The change won't affect all systems however the company notes, as only new installations are affected in the beginning.
Starting with new installations of Windows 10, version 1607, the previously defined driver signing rules will be enforced by the Operating System, and Windows 10, version 1607 will not load any new kernel mode drivers which are not signed by the Dev Portal.
The list of exceptions to the new policy is long. Below is the most important information in regards to the new kernel mode drivers policy:
- PCs upgraded to Windows 10 Build 1607 from a previous version of Windows (for instance Windows 10 version 1511) are not affected by the change.
- PCs without Secure Boot functionality, or Secure Boot off, are not affected either.
- All drivers signed with cross-signing certificates that were issued prior to July 29, 2015 will continue to work.
- Boot drivers won't be blocked to prevent systems from failing to boot. They will be removed by the Program Compatibility Assistant however.
- The change affects only Windows 10 Version 1607. All previous versions of Windows are not affected.
Microsoft notes that the change is done to make Windows more secure for end-users.
We’re making these changes to help make Windows more secure. These changes limit the risk of an end-user system being compromised by malicious driver software.
While the company states that certain setups won't be affected by the change, it appears that at least some of these exceptions will only be temporary.
As mentioned previously, boot drivers won't be blocked outright according to Microsoft. The company states however that Windows will eventually block boot drivers.

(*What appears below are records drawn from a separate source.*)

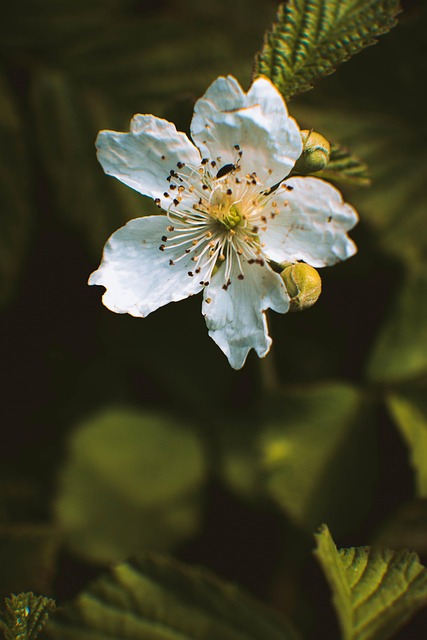 Blume, Natur, Frühling, Blüte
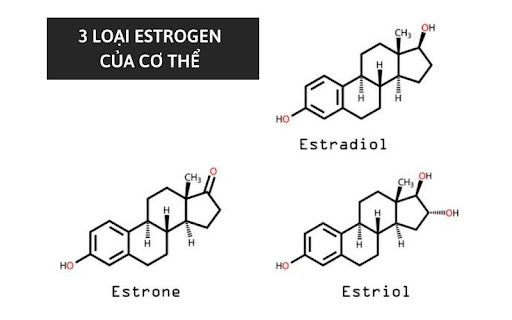co-3-loai-estrogen-chinh-trong-co-the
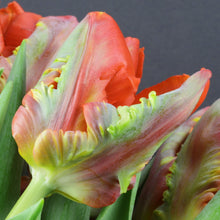 Tulip - Blumex: 10 Bulbs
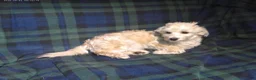 Maltipoo dogs for sale: Chip --- MaltiPoo, in home raised, non-shedding - Ad 4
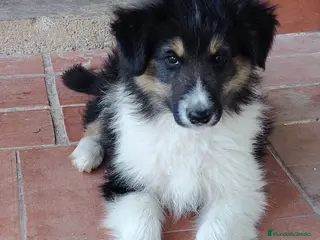 Collie de Pelo Largo perros Cachorros rough collie - Anuncio 3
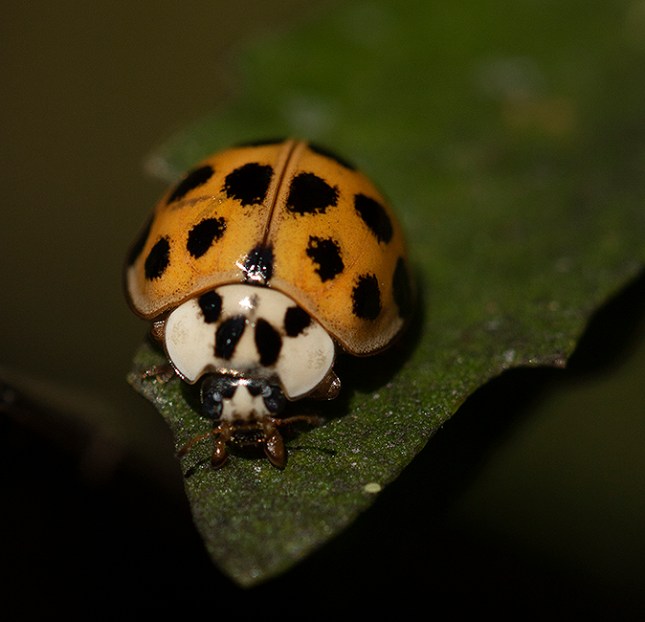 ladybug2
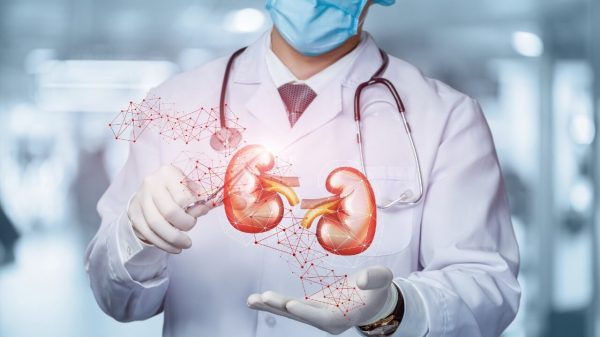 Insuficiência renal: fatores que levam à perda da função dos rins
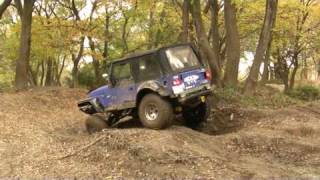 20091129足チェックTJ40.mpg
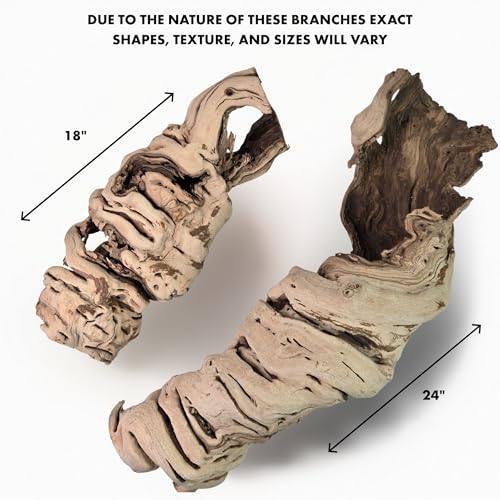 Koyal Wholesale 18" Hollow Grapevine Wood Branches for Decor, Untreated Natural Dried Grapewood Branches, Large Rustic Wood for Centerpieces, Terrariums, Reptile Habitats, Crafts - size: 18 Inches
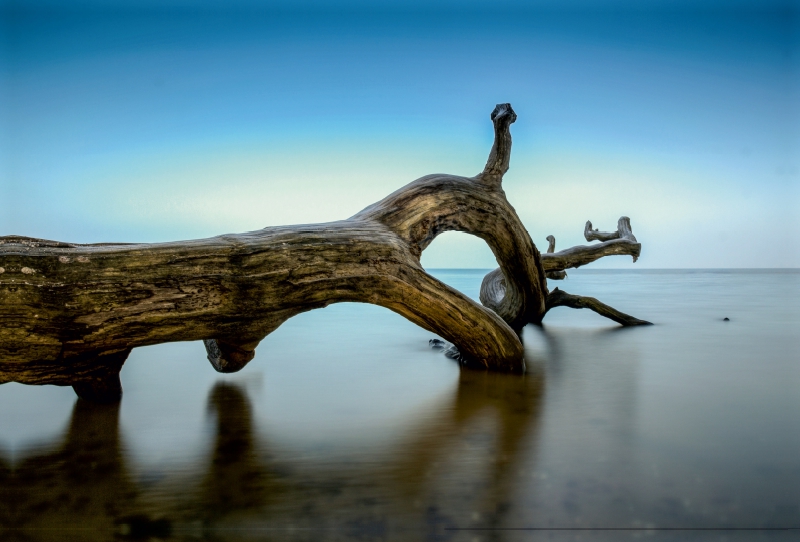 Alter Baum am Strand bei Loissin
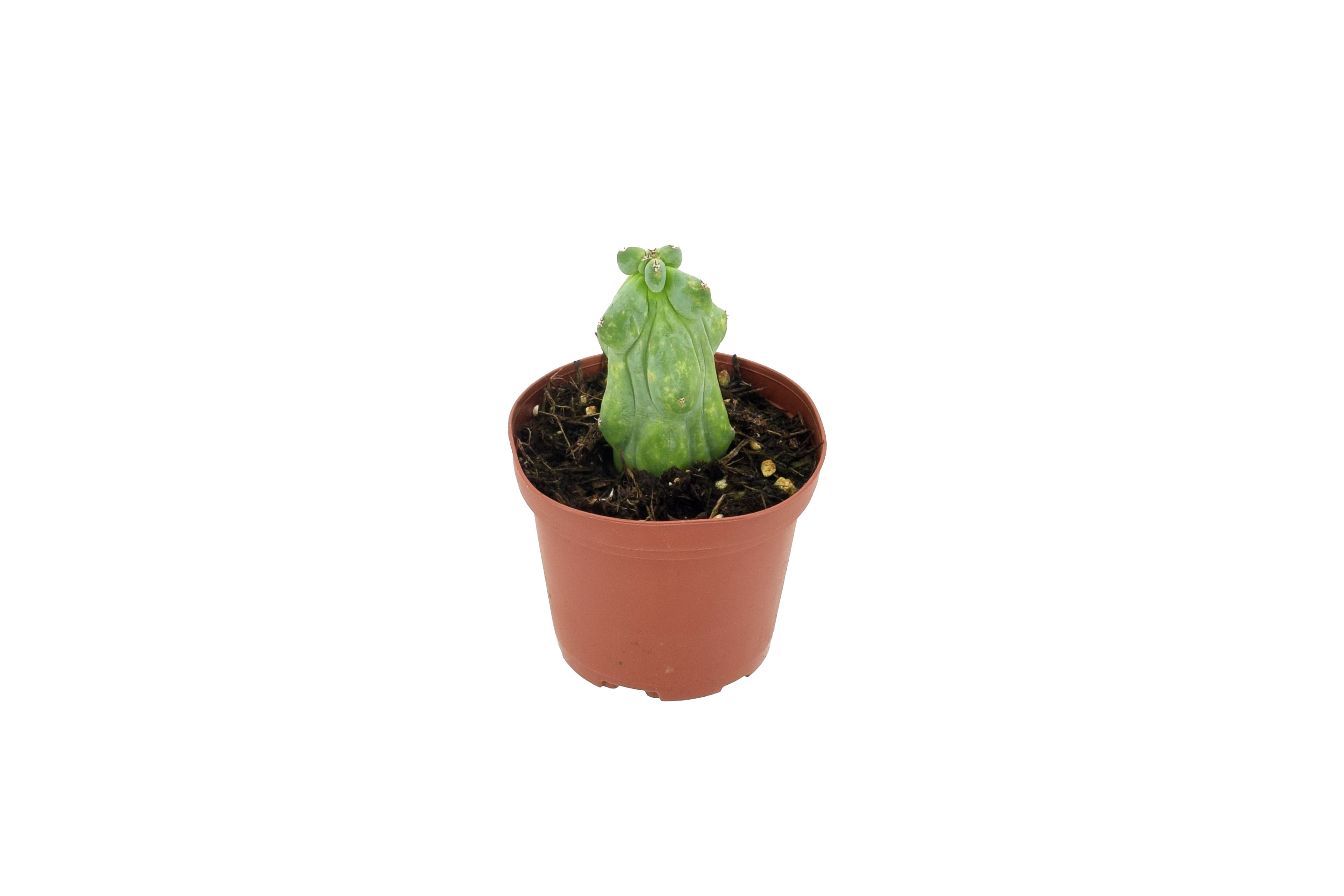 Cactus Boobie Mini 3 inch Grower Pot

Microsoft mentions further that it "starts with" new installations of Windows 10 which suggests that it plans to remove some or even all of the exceptions in the future.
Kernel mode drivers are used by various programs on Windows. The list includes various security and backup programs, or VPN applications to name a few.
Any kernel mode driver not signed by Microsoft won't run anymore on new installations of Windows provided that the exceptions listed above don't apply.
This in turn makes the program non-functioning that relies on the driver.
While Windows 10 users may be affected by the change, so are developers. Companies may have enough funds to get the required certificates to get their drivers signed by Microsoft, but the same may not be true for hobby programmers or one-man teams.
The move will limit malicious kernel mode drivers on the other hand as well.
Now You: What is your take on the change?